Hacker News new | past | comments | ask | show | jobs | submit login
Nuitka Progress in 2015 – Python Compiler (nuitka.net)
166 points by rachbelaid on Jan 29, 2016 | hide | past | favorite | 52 comments



IMHO, this is a very important project as it makes up for one of the biggest shortcomings in the Python ecosystem - distribution of software. Distribution is clearly one of the reasons that Go is so popular. It would be great if we could take advantage of Python as a language and Python as an ecosystem while still being able to deploy as if it was a walk in the park.


I find the way software is packaged in Go to be a terrible regression, but I'm more interested in why you think pip and venv's don't solve the problem for Python already?

Edit: I see from your reply that we're talking at cross purposes. I thought you meant source distribution, but you mean binary distribution to end users or deployment to production systems, and in that case I agree with you.


Being able to ship a self contained binary of your application is a very powerful concept, on which many seem to agree.

The way I see it, pip and virtualenv are not practical for deployment or distribution. You shouldn't have to download and install things during a production deployment. I even created a tool (https://github.com/objectified/vdist) to mitigate this problem, but it will always be a hack when doing it this way.


Remember that critical Go security update?

Usual procedure - update the shared library, restart affected services. Go - recompile everything.


Yeah, but... that's not really the "usual procedure" though. Nobody who knows what they are doing literally downloads openssl manually, compiles the new shared library, manually installs it, and manually restarts the affected services, on the grounds that if you do that you have just proved you don't know what you are doing. (Most charitably, you're doing a "Linux From Scratch" for educational purposes, but that's just about the only valid reason.) Once you have introduced package management and/or system management tools, it doesn't seem like a significantly different problem anymore, and likely to be utterly swamped by the other bigger problems that appear at scale.


No, you update the shared library using your distribution's package manager and then restart the affected services using one of the small scripts for that purpose.

What's the issue with that?


Yeah that's the usual refrain, but the only situation where you have shared libraries is on Linux with a package manager. In that case it is trivial to recompile all packages that depend on the insecure library anyway.

On Windows you have to package most shared libraries with your app anyway so you have to get a new version of it anyway.


Sure but that's one of the reasons I use Linux.

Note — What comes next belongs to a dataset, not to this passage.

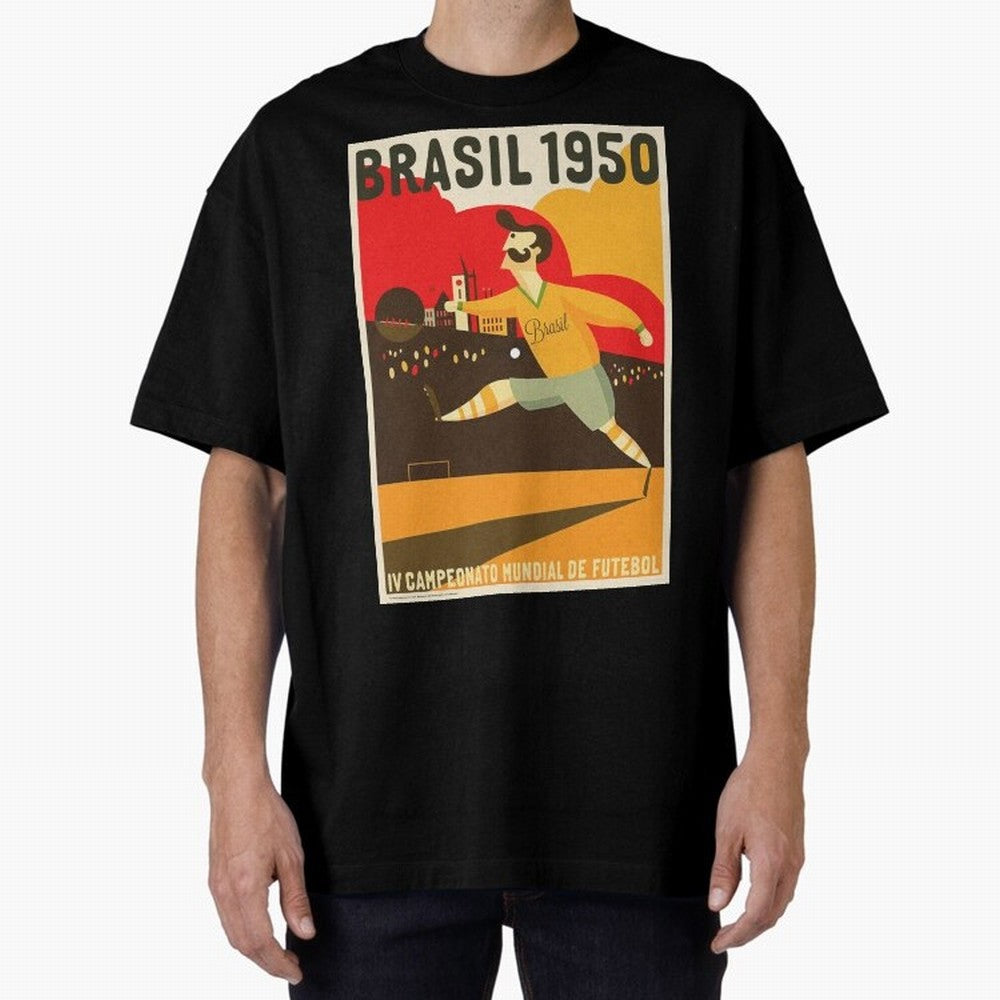 Brasil 1950 World Cup Oversized T-Shirt Show Support during FIFA World Cup 2026 USA Canada Mexico Built around Cristiano Ronaldo, Haaland and CR7, Spain Energy, Champion Mindset, Group Stage Buzz, Knockout Tension and Passionate Fan Culture;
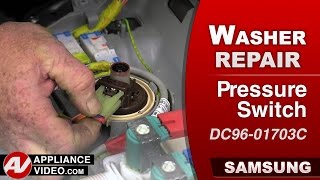 Samsung Washer  Over Filling With Water  Pressure Switch Repair and Diagnostic [upl. by Woolley]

> update the shared library, restart affected services

... look for programs to break at runtime because of some unrelated API change in the shared library.


That's why Debian Stable and RHEL exist. Security patches don't break the API.


I am willing to believe that they come closer to the ideal than others, but nobody is perfect, and I'd rather discover incompatibilities myself, when I'm getting a new version of my app ready, before shipping, instead of trying to understand why random users are incoherently reporting impossible app failures.


> Security patches don't break the API.

shouldn't

When the patched library is not part of Debian Stable or RHEL's repositories (for example, if you require features from a release less than a year old) all bets of API stability are off.

OpenSSL and libc are not the only libraries which are patched for security that people use.


And heaven help you if RedHat decides not to backport a critical bugfix. OpenSSL on CentOS 6 has 99 patch files, a script named "hobble-openssl" and non-trivial changes to the build system that affect linkage, making DIY backports less than trivial.


Which only needs to happen once.


Yes but still. If you have a procedure in place to recompile and redeploy everything, you could just deploy the libraries as well.


Plus, the system admin doesn't just have to wait on the new security-patched library to be ready, they have to wait for everyone who used Go to recompile and distribute their programs.


So you're redeploying one binary instead of another binary. You still need to deploy something.

In fact, what about just switching connections to freshly launched VMs?


> The way I see it, pip and virtualenv are not practical for deployment or distribution. You shouldn't have to download and install things during a production deployment. I even created a tool (https://github.com/objectified/vdist) to mitigate this problem, but it will always be a hack when doing it this way.

Please excuse my newbness but doesn't python wheel do most of this (besides compiling to a single package)?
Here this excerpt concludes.